## [ABOUT THIS TASK]
Leave out the pictures and output exactly the lines below from the one with "- Электро- и" down to the one with "INDIVI クロップドパンツ", both of them included.

## [EXTRACTED RECORDS]
= = = =
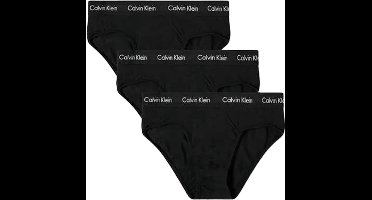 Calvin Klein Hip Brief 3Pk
= = = =
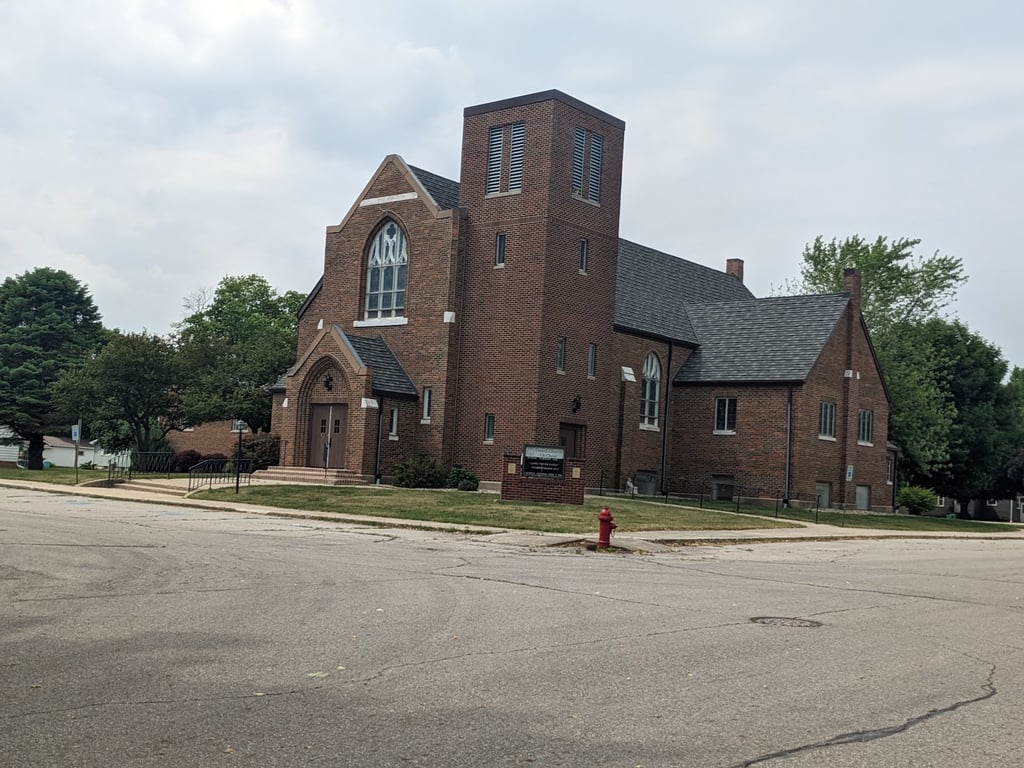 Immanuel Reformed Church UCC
= = = =
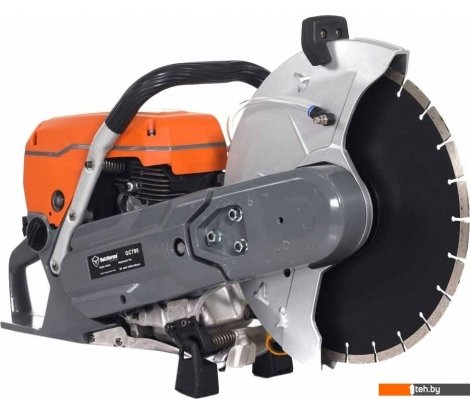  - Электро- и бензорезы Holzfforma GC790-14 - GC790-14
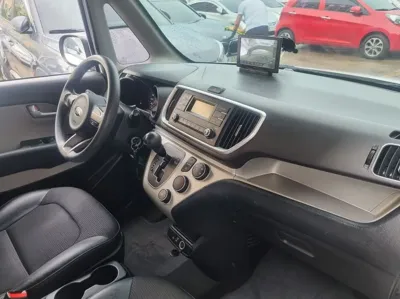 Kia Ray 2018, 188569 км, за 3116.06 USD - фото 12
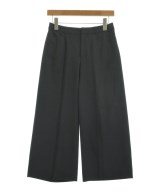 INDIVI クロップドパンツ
= = = =
## [SOLUTION FOR THIS PROBLEM]
  - Электро- и бензорезы Holzfforma GC790-14 - GC790-14
 Kia Ray 2018, 188569 км, за 3116.06 USD - фото 12
 INDIVI クロップドパンツ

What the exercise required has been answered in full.